Every thriller needs a baddie - and in Endgame that role is filled with suitably venomous menace by Mark Strong, the British actor who has made something of a speciality out of heavies since 2004's The Long Firm. Strong plays Dr Neil Barnard, the former head of South African intelligence.

"He's the guy who holds all the cards because he knows exactly what's going on both in Botha's government, while keeping an eye on Nelson Mandela as well as having a spy at the secret talks down in Somerset. He's pulling all the strings."

Strong says he was moved by filming in real locations in South Africa, including P W Botha's former office in the parliament building (Timothy West plays Botha), Pollsmoor Prison near Cape Town, where Mandela was held after his move from Robben Island, and the more luxurious gilded cage of Victor Verster Prison, where Mandela was held (and spied upon) until his release in 1990.

"It was an astonishing feeling", says Strong. "The furniture at Victor Verster is the furniture that was in there when Mandela was in there." Adds Pete Travis: "It's really quite eerie. There's an umbrella in the garden and you can still see the holes where the secret cameras were. And in the corner of Mandela's bedroom there's still a hole where another secret camera was. "

If some of the props in Endgame could belong in a museum, all concerned with making the drama are adamant that it is not a mere museum piece. "I didn't want to write a curiosity piece on history... a kind of side-show, significant though it may be," says Paula Milne. "I wanted to write something which would be inspiring for the future, to show what potentially could be achieved if two enemies can eschew bitterness and sit across a table from each other."
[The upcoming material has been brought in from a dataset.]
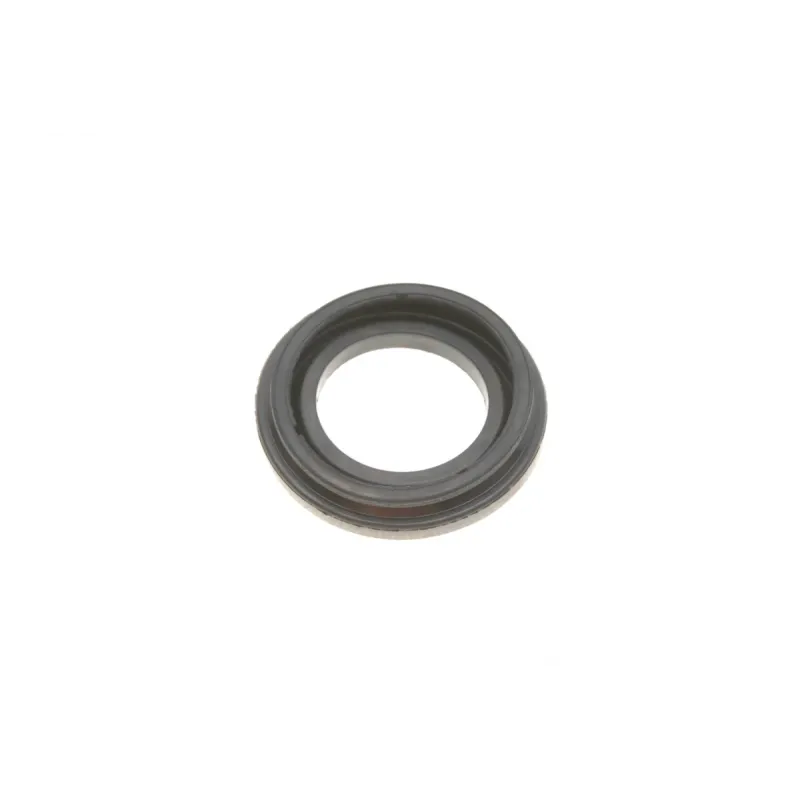Ремкомплект супорта заднього FRENKIT 241004 для VW Caddy III, T5 2004-2015 (d=41mm)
Indeed, the film ends with a series of captions that inform us how, when the IRA wanted to open negotiations with the British Government, it approached the ANC to see how it managed its own peace settlement. And now it seems Hamas has in turn approached the IRA for similar advice.

"It was kind of the captions at the end that made me want to do it," says Pete Travis, whose earlier credits include Omagh, the 2004 Channel 4 drama about the Omagh bombing. "When I was growing up it always felt that the Irish conflict was totally intractable and similarly as much as we campaigned for the end of apartheid, none of us thought it would actually end. It was the way in which a few brave people dared to stick their heads above the parapet and look their enemies in the eye and say 'shall we talk?' and secretly changed both of those conflicts."